Diesen für Sie wichtigen Paragraphen möchte ich Ihnen Angeben:
§ 53 Bestellung eines allgemeinen Vertreters
(1) Der Rechtsanwalt muß für seine Vertretung sorgen,
1.
wenn er länger als eine Woche daran gehindert ist, seinen Beruf auszuüben;
2.
wenn er sich länger als eine Woche von seiner Kanzlei entfernen will.
(2) Der Rechtsanwalt kann den Vertreter selbst bestellen, wenn die Vertretung von einem derselben Rechtsanwaltskammer angehörenden Rechtsanwalt übernommen wird. Ein Vertreter kann auch von Vornherein für alle Verhinderungsfälle, die während eines Kalenderjahres eintreten können, bestellt werden. In anderen Fällen kann ein Vertreter nur auf Antrag des Rechtsanwalts von der Rechtsanwaltskammer bestellt werden.
(3) (weggefallen)
(4) Die Rechtsanwaltskammer soll die Vertretung einem Rechtsanwalt übertragen. Sie kann auch andere Personen, welche die Befähigung zum Richteramt erlangt haben, oder Referendare, die seit mindestens zwölf Monaten im Vorbereitungsdienst beschäftigt sind, zu Vertretern bestellen. § 7 gilt entsprechend.
(5) In den Fällen des Absatzes 1 kann die Rechtsanwaltskammer den Vertreter von Amts wegen bestellen, wenn der Rechtsanwalt es unterlassen hat, eine Maßnahme nach Absatz 2 Satz 1 zu treffen oder die Bestellung eines Vertreters nach Absatz 2 Satz 3 zu beantragen.

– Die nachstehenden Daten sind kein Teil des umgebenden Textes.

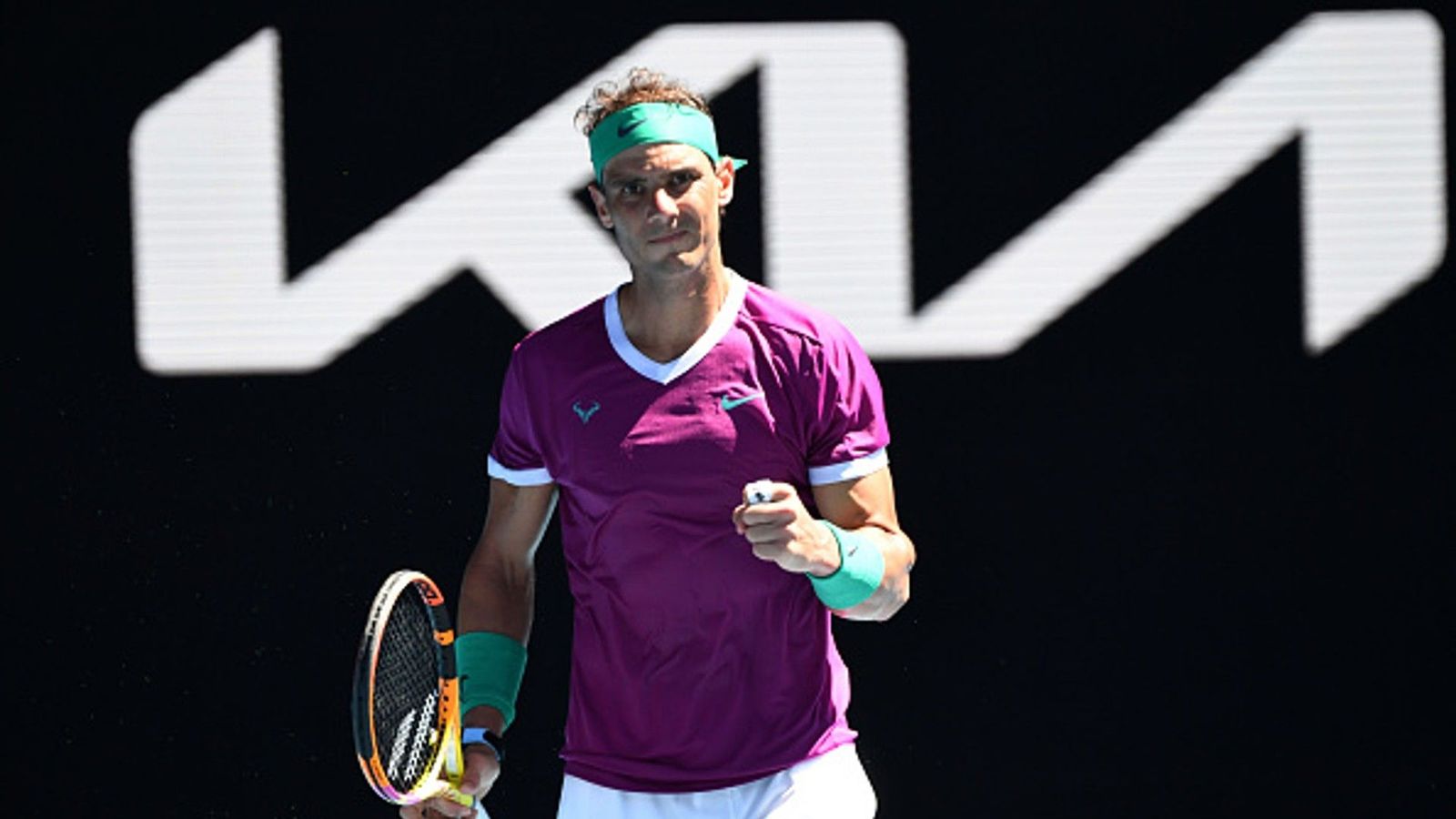 Nadal overcomes abdominal injury to reach his 36th Grand Slam semi-final with dramatic win over Shapovalov Nadal overcomes abdominal injury to reach his 36th Grand Slam semi-final with dramatic win over Shapovalov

Der Vertreter soll jedoch erst bestellt werden, wenn der Rechtsanwalt vorher aufgefordert worden ist, den Vertreter selbst zu bestellen oder einen Antrag nach Absatz 2 Satz 3 einzureichen, und die ihm hierfür gesetzte Frist fruchtlos verstrichen ist. Der Rechtsanwalt, der von Amts wegen als Vertreter bestellt wird, kann die Vertretung nur aus einem wichtigen Grund ablehnen. Über die Zulässigkeit der Ablehnung entscheidet die Rechtsanwaltskammer.
(6) Der Rechtsanwalt hat die Bestellung des Vertreters in den Fällen des Absatzes 2 Satz 1 der Rechtsanwaltskammer anzuzeigen.

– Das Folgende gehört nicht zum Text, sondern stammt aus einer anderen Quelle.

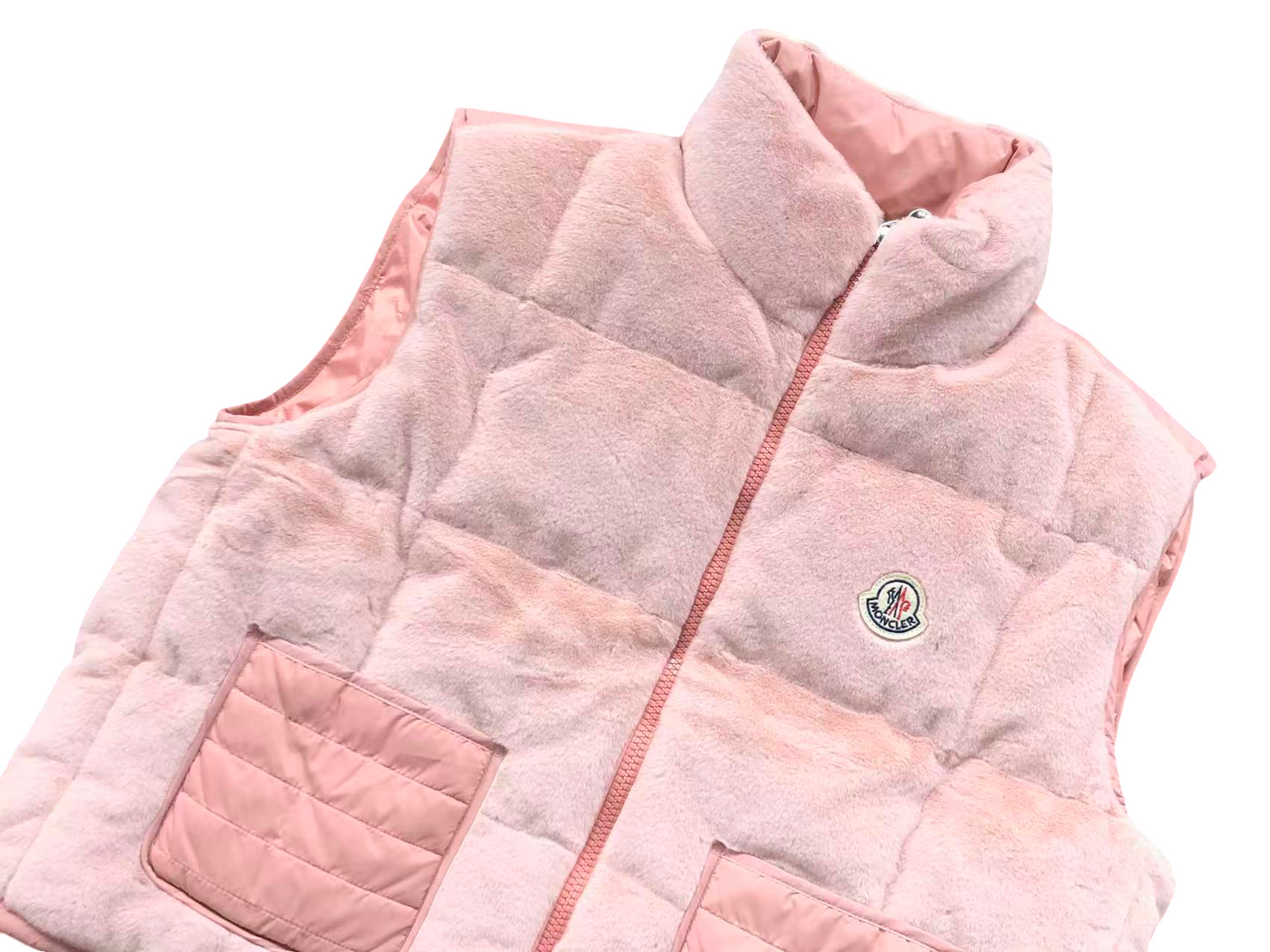 Moncler Arques Gilet - (PINK)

(7) Dem Vertreter stehen die anwaltlichen Befugnisse des Rechtsanwalts zu, den er vertritt.
(8) Die Bestellung kann widerrufen werden.
(9) Der Vertreter wird in eigener Verantwortung, jedoch im Interesse, für Rechnung und auf Kosten des Vertretenen tätig. Die §§ 666, 667 und 670 des Bürgerlichen Gesetzbuchs gelten entsprechend.
(10) Der von Amts wegen bestellte Vertreter ist berechtigt, die Kanzleiräume zu betreten und die zur Kanzlei gehörenden Gegenstände einschließlich des der anwaltlichen Verwahrung unterliegenden Treugutes in Besitz zu nehmen, herauszuverlangen und hierüber zu verfügen. An Weisungen des Vertretenen ist er nicht gebunden. Der Vertretene darf die Tätigkeit des Vertreters nicht beeinträchtigen. Er hat dem von Amts wegen bestellten Vertreter eine angemessene Vergütung zu zahlen, für die Sicherheit zu leisten ist, wenn die Umstände es erfordern. Können sich die Beteiligten über die Höhe der Vergütung oder über die Sicherheit nicht einigen oder wird die geschuldete Sicherheit nicht geleistet, setzt der Vorstand der Rechtsanwaltskammer auf Antrag des Vertretenen oder des Vertreters die Vergütung fest. Der Vertreter ist befugt, Vorschüsse auf die vereinbarte oder festgesetzte Vergütung zu entnehmen. Für die festgesetzte Vergütung haftet die Rechtsanwaltskammer wie ein Bürge.
Ich hoffe, Ihnen weiter geholfen zu haben.
Bei Unklarheiten fragen Sie einfach nach.